Although the majority of investors still chose to wave through boardroom pay at the advertising giant, the proportion voting against is still up on last year, when some 20 per cent voted down pay.
The vote is also non-binding, meaning the Sorrell will have still taken home his £70.4m pay, including a £62.7m long-term bonus, regardless of the outcome.
Prior to the AGM, a number of groups had spoken out to urge shareholders to vote against the pay deal, including the Local Authority Pension Fund Forum, ShareSoc and Pensions & Investment Research Consultants, which is better known as Pirc.
Speaking at the AGM, Euan Stirling, head of stewardship at Standard Life Investments, which holds just shy of 17m shares in the company, said it had voted against Sorrell's pay on the grounds that it suspected it was "more than would be required to recruit, retain or motivate even someone with the redoubtable talents of Sorrell".
Mike Fox, head of sustainable investments at Royal London Asset Management, explained that his firm had voted against the pay packet because "£62.7m of the overall £70m is due to the positive performance of the company’s shares compared to their peer group and this particular award system was closed in 2012.
"We are part of a collaborative engagement project with other large shareholders talking to WPP on issues such as pay, succession planning and other corporate governance arrangements."
Meanwhile, commenting ahead of the vote, Dr Hans-Christoph Hirt, co-head of Hermes EOS, said: "We are highly uncomfortable with the 2015 quantum, not least in light of our historic concerns about board composition and the remuneration committee's apparent lack of vigour and stress-testing when the legacy plan was devised."

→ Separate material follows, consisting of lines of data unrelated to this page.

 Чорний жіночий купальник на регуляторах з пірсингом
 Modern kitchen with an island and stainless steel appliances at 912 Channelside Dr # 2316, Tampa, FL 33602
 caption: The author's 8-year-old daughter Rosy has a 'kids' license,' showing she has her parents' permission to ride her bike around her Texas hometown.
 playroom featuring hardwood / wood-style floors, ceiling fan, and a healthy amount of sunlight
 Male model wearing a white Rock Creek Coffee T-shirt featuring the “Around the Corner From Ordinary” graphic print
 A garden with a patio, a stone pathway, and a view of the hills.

Hermes EOS represents around 1.2 per cent of WPP shareholders.
Perhaps preempting some anger from shareholders, WPP's annual report read: "While the value of Sir Martin Sorrell’s award is very large, it was the result of an outstanding set of returns to share owners."

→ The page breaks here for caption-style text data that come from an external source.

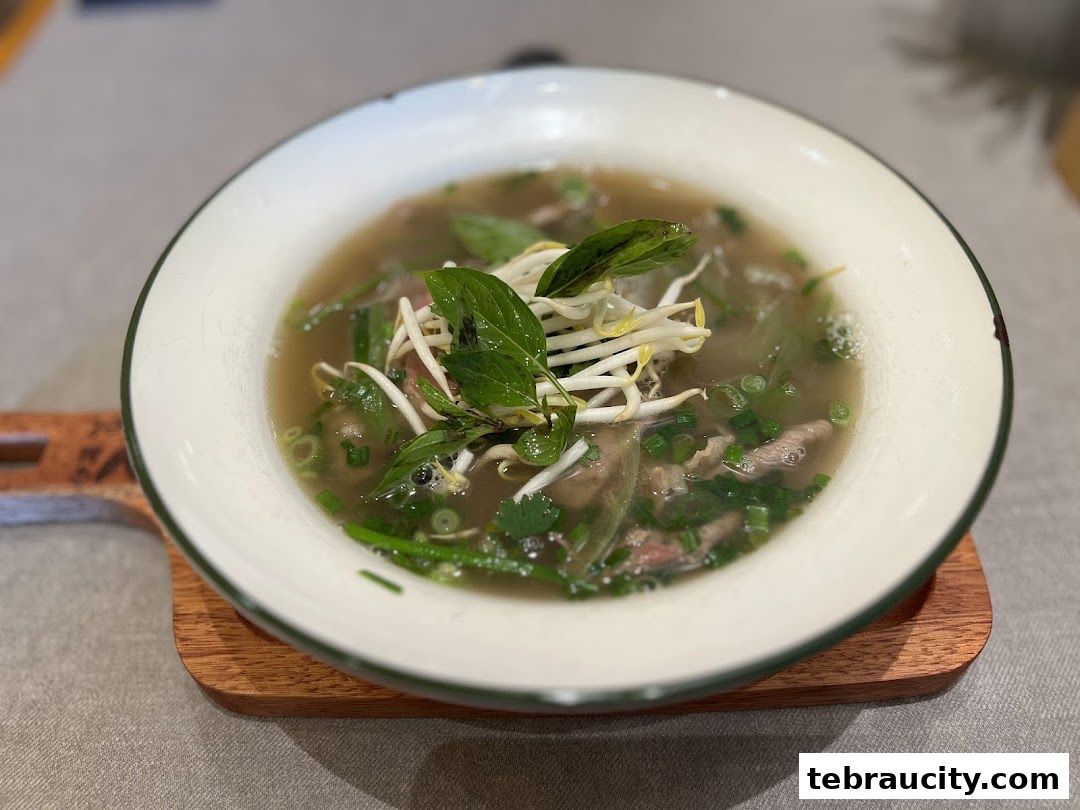 A close-up shot of a steaming bowl of Vietnamese pho with beef, herbs, and bean sprouts.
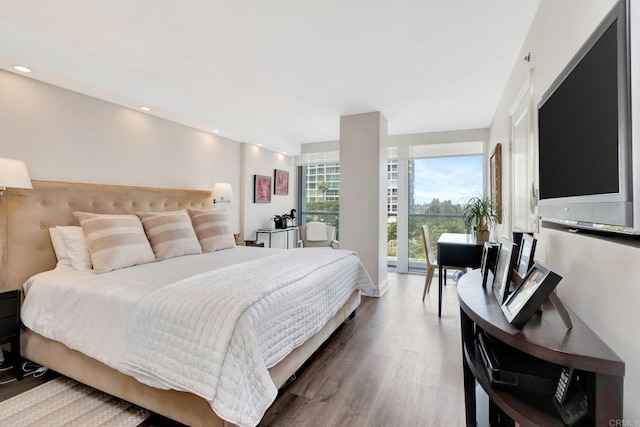 bedroom with recessed lighting and wood finished floors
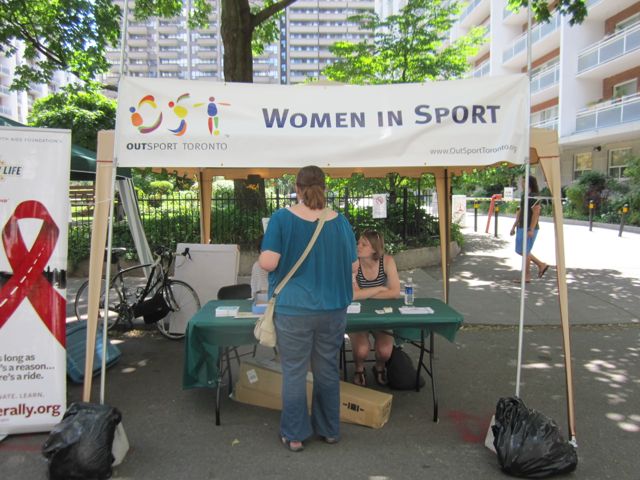 Interest at the Women's Booth - someone getting more information about how to get involved.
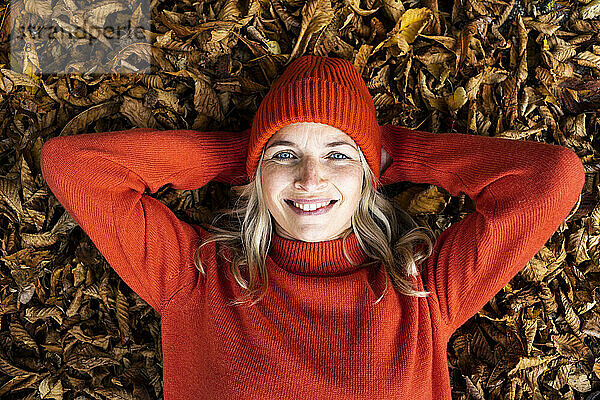 Lächelnde reife Frau mit blauen Augen  die auf Herbstblättern liegt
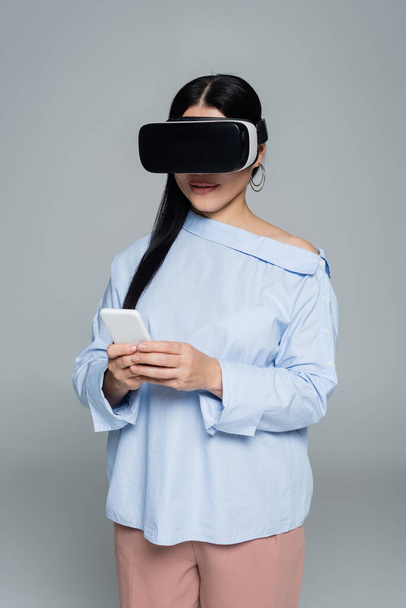 Стильная женщина в VR-гарнитуре с мобильным телефоном изолирована на сером  - Фото, изображение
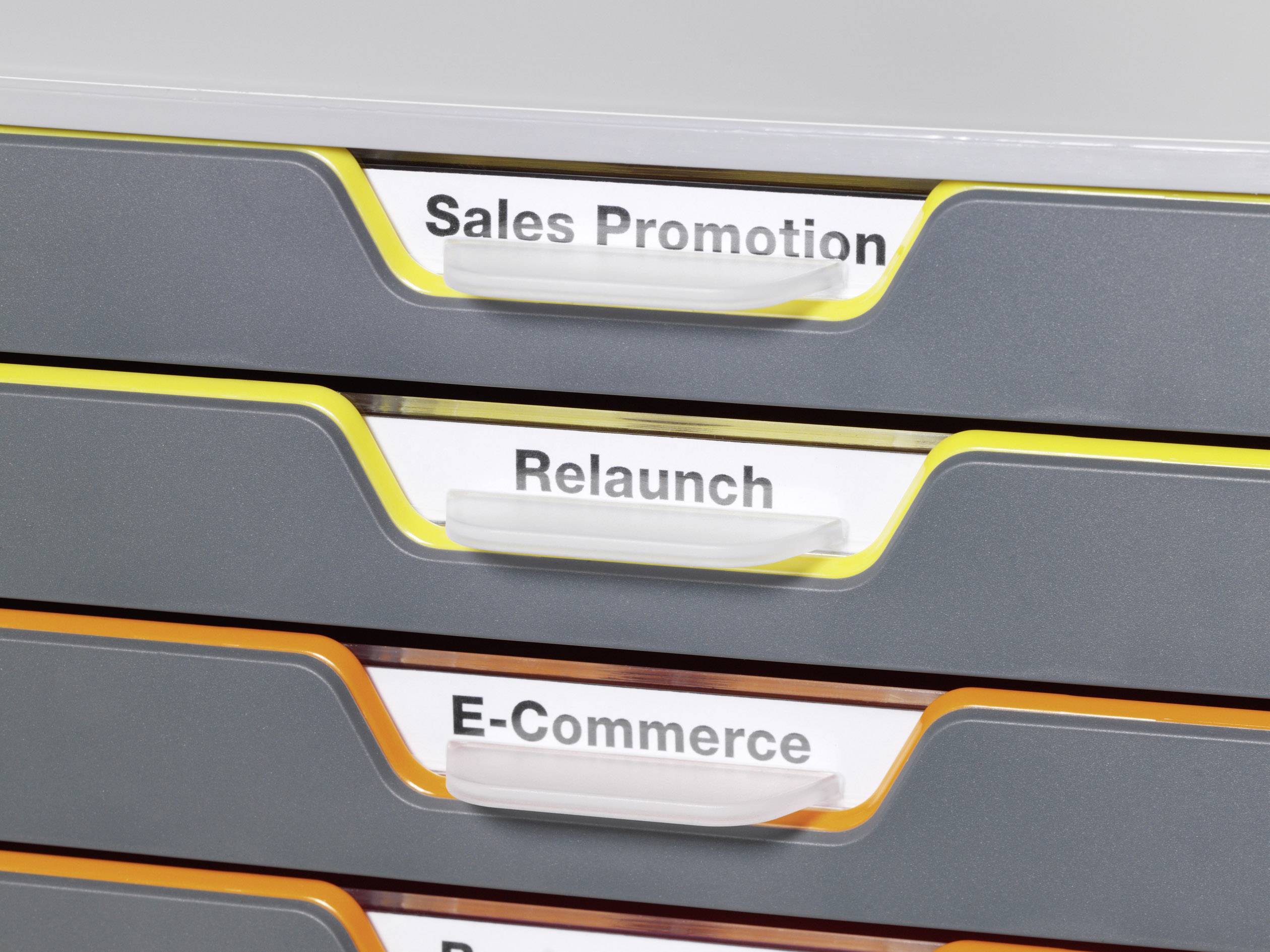 Tolófiókos irattartó egy irodában. A fiókokat a 'Sales Promotion', 'Relaunch' és 'E-Commerce' feliratok címkézik.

Read more: Why revolts are not just for shareholders
Sorrell himself has previously come across as quite relaxed about the vote. In an interview with the Press Association in April, he said:
We have shareholder votes every year. It is what it is. Shareholders will decide. It's very democratic. We're always engaged with shareholders with anything and everything.
Sorrell is not the only chief executive to face the ire of the shareholders this AGM season. BP chief executive Bob Dudley saw his near £14m pay deal disapproved of in April, when 59.29 per cent of investors voted against the oil major's director's remuneration report.